I also tried v.data() = nullptr but v.data() is rvalue so it's not possible to assign it. Do you have any suggestions, or is this possible?
edit.:
To make it more clear what i'm trying to achieve:
class readbuf_type
{
struct item_type // representation of a chunk
{
uint8_t * const data;
size_t size;
inline item_type(size_t psize)
: size(psize)
, data(new uint8_t[psize])
{}
template <std::ptrdiff_t tExtent = gsl::dynamic_extent>
inline item_type(gsl::span<uint8_t,tExtent> s)
: size(s.size())
, data(s.data())
{}
inline ~item_type()
{ delete[] data; }
};
std::list<item_type> queue; // contains the memory
public:
inline size_t read(uint8_t *buffer, size_t size); // read from queue
inline size_t write(const uint8_t *buffer, size_t size); // write to queue
inline void *get_chunk(size_t size)
{
queue.emplace_back(size);
return queue.back().data;
}
template <std::ptrdiff_t tExtent = gsl::dynamic_extent>
inline void put_chunk(gsl::span<uint8_t,tExtent> arr)
{
queue.emplace_back(arr);
}
} readbuf;
I have the get_chunkfunction what basically just allocates memory with the size, and I have put_chunk what I'm struggling with, the reason i need this because before you can write to this queue you need to allocate memory and then copy all the elements from the buffer(vector,array) you're trying to write from to the queue.
Something like:
std::vector<int> v = {9,8,7,6,5,4,3,2,1,0};
// instead of this
readbuf.get_chunk(v.size);
readbuf.write(v.data(), v.size());
// we want this
readbuf.put_chunk({v});
Since we're developing for distributed systems memory is crucial and that's why we want to avoid the unnecessary allocation, copying.
ps.This is my first post, so sorry if i wasn't precise in the first place..

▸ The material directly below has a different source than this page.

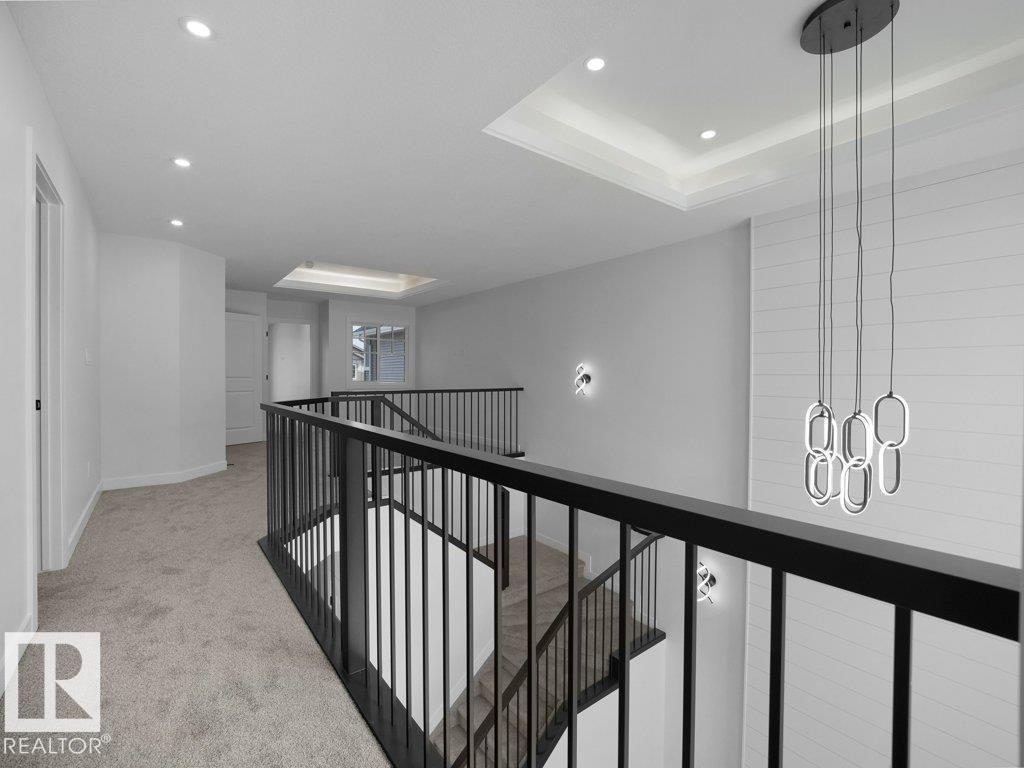 806 ELDERBERRY CO NW, Edmonton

No, it is not possible to "steal" the buffer of the standard vector in the manner that you suggest - or any other standard container for that matter.
You've already shown one solution: Move the buffer into another vector, instead of merely taking the address (or another non-owning reference) of the buffer. Moving from the vector transfers the ownership of the internal buffer.
It would be possible to implement such custom vector class, whose buffer could be stolen, but there is a reason why vector doesn't make it possible. It can be quite difficult to prove the correctness of your program if you release resources willy-nilly. Have you considered how to prevent the data from leaking? The solution above is much simpler and easier to verify for correctness.
Another approach is to re-structure your program in such way that no references to the data of your container outlive the container itself (or any invalidating operation).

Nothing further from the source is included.